The company is reportedly preparing to sell off the landline assets it acquired from Verizon

LOS ANGELES — To those of you in California, Florida or Texas that previously used Verizon for wireline circuits (like ISDN) I have some news that might not be so great: According to lightreading.com, “Following a series of financially disastrous quarters, Frontier is reportedly preparing to sell off the landline assets it acquired from Verizon in 2016.”

Frontier bought the systems in California, Florida and Texas for $10.5 billion less than two years ago, and the company has seen its fortunes steadily decline since then. In 2017, Frontier’s third-quarter revenue dropped to $2.25 billion from $2.3 billion the previous quarter, and from $2.52 billion in Q3 2016. The company lost 405,000 residential customers in the first nine months of last year, leaving it with 4.95 million residential subscribers in total. The number of customer numbers went down to 516,000 at the end of the first three quarters of 2016 to 463,000 by the end of Q3 2017.
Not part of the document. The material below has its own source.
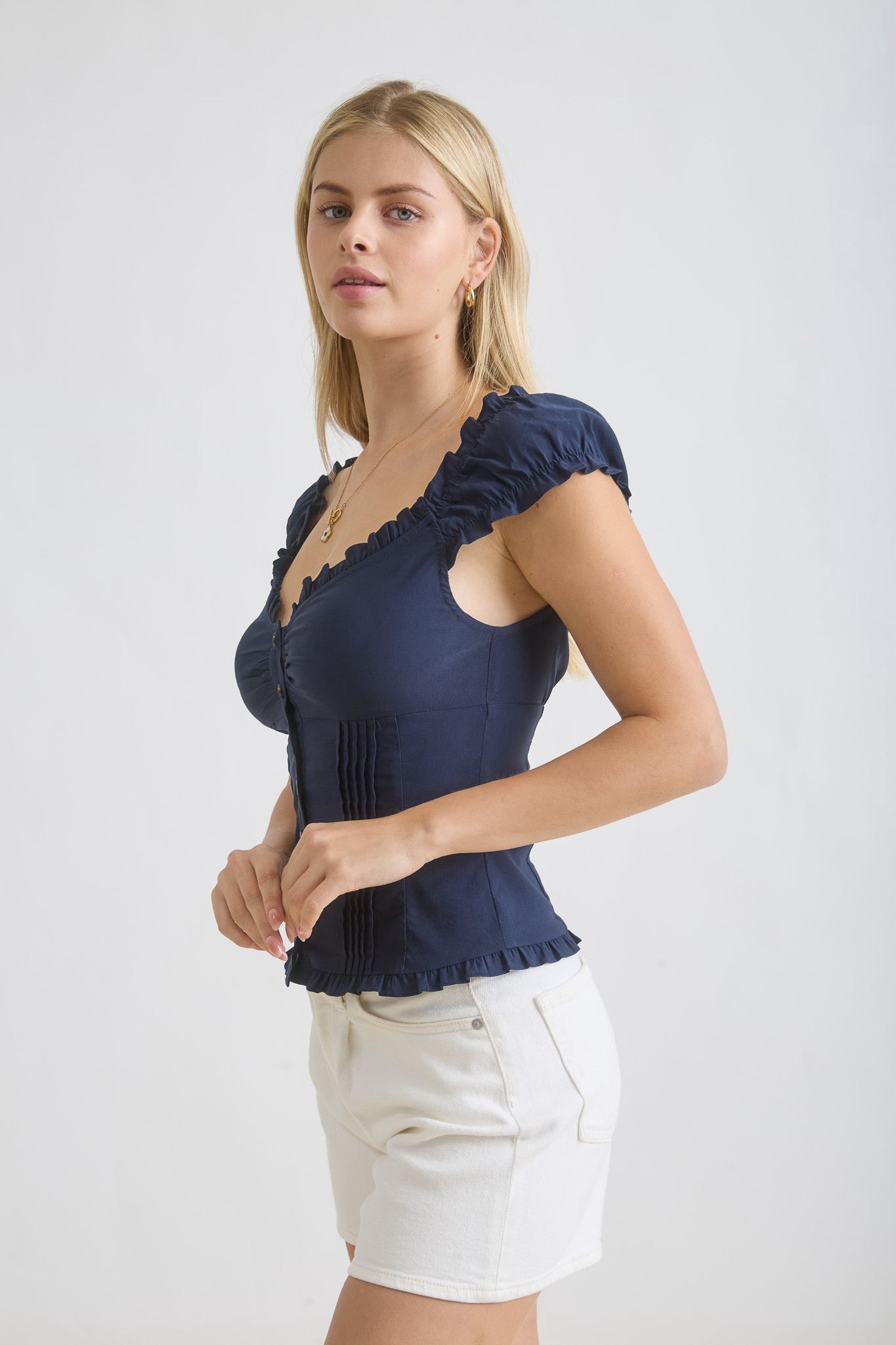 TOP FIBRA NATURAL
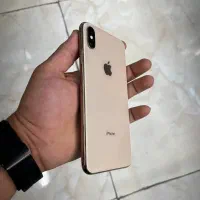Iphone xs max 512 gig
“All of these numbers just go to show how desperate Frontier may be to improve its balance sheet. The company’s stock price rebounded somewhat on news of a potential sell-off…[however] since Frontier bought the Verizon systems, its stock price has cratered, falling from roughly $82 per share to less than $8 as of [Feb. 6]” according to the same article. Frontier is not alone in its trouble making money with wirelines. The US wireline market has been shedding revenue as a whole since about the same time Frontier bought the Verizon systems.